## EXERCISE DETAILS
When the line with "SÜDOR KS01-3 KİNETİK KUM 500 GR" appears below, start repeating lines exactly, and keep going through the line with "库蒂尼奥|库蒂尼奥回归遇尴尬! 7号被格列兹曼抢占，球迷：梅西让出10号"; add nothing outside that span.

## GIVEN RECORDS
· · · · ·

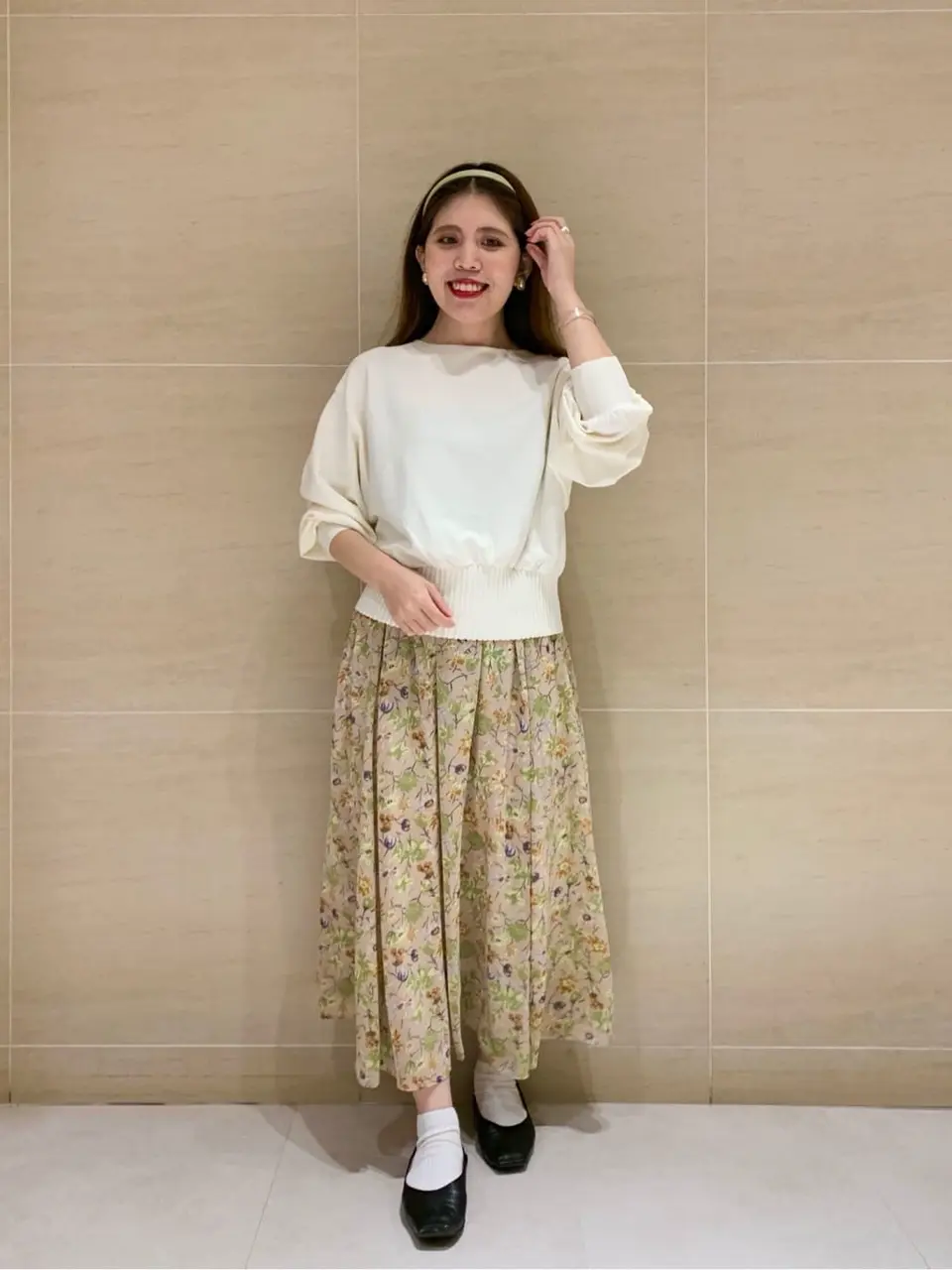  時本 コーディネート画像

· · · · ·

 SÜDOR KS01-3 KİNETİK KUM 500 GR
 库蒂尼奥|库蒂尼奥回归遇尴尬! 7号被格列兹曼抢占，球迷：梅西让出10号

· · · · ·

## RESULT
 SÜDOR KS01-3 KİNETİK KUM 500 GR
 库蒂尼奥|库蒂尼奥回归遇尴尬! 7号被格列兹曼抢占，球迷：梅西让出10号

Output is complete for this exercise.